Uterine smooth muscle tumours of uncertain malignant potential: single-centre experience and review of the literature.Prz Menopauzalny. 2020 Mar; 19(1):30-34.PM
Uterine smooth muscle tumours of uncertain malignant potential (STUMPs) are a rare histologically heterogeneous group of uterine smooth muscle tumours (SMTs). Their malignant potential and clinical differentiation between leiomyoma and leiomyosarcoma remain uncertain prior to surgical removal.
Aim of the study
To investigate the patients and tumour characteristics of patients with STUMPs and to propose algorithms for optimal diagnosis, treatment, and follow-up management.
Material and methods
This was a single-centre retrospective cohort study of all patients who underwent surgery for a preoperative diagnosis of uterine myoma at the University Hospital "Dr.
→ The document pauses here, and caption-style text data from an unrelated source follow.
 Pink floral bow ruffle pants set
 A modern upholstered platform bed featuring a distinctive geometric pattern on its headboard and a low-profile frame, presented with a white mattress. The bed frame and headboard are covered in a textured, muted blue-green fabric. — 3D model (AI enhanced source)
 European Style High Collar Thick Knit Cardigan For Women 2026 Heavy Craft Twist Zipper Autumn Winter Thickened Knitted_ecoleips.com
Georgi Stranski", Pleven, Bulgaria during a period of 33 months (from January 2013 until October 2015). Data were obtained from the medical history records. We performed descriptive analysis to characterise the patient population (e.g. demographics, age, contraceptive use, and complaints that led to the diagnosis) and the tumour characteristics. Last data were obtained prior May 2019.
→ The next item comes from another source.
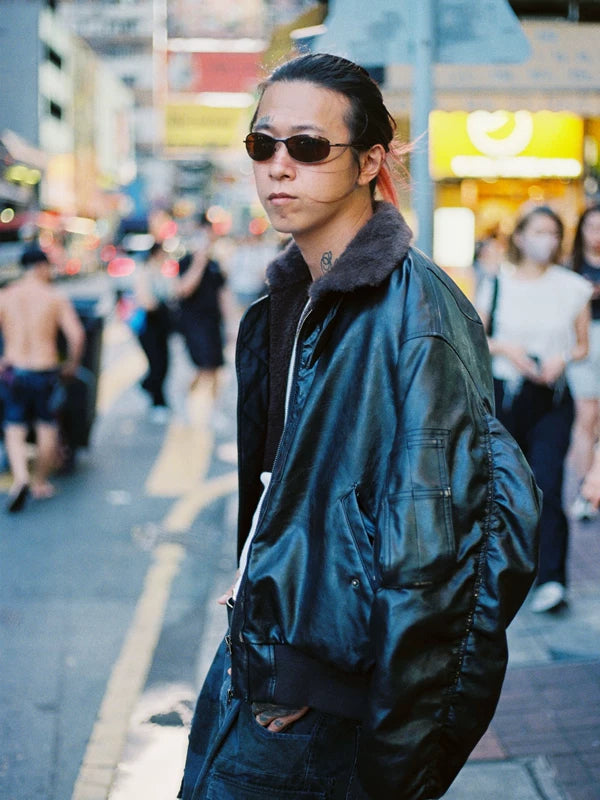 PU Leather Bomber Jacket with Faux Fur Collar 4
A total of 320 medical records were retrospectively evaluated. The preoperative diagnosis of myoma was confirmed in 279 of the cases (89.4%). In 27 (8.3%) cases the final histological result was completely different. In 14 (2.3%) a histological postoperative diagnosis of STUMP was identified. All 14 STUMP lesions were intramural with a median size of 7.5 cm (range 3.5 to 15 cm). The median age at diagnosis of STUMP was 45.4 years (range 36 to 52 years), and 92.9% (n = 13) of the patients were premenopausal. Ultrasound data of a rapidly growing myoma were a reason for diagnosis in only three patients (25%), whereas 92.9% of the patients (n = 13) presented with heavy menstrual bleeding with or without anaemia. After surgery, none of the patients with STUMP experienced a relapse of the disease within the median follow-up time of 48 months (R = 40-78).
STUMP tumours are rare tumours, predominantly diagnosed in premenopausal women. They define a group of patients with very good long-term prognosis. Therefore, longer follow-up is needed to allow for conclusions on recurrence rate and survival.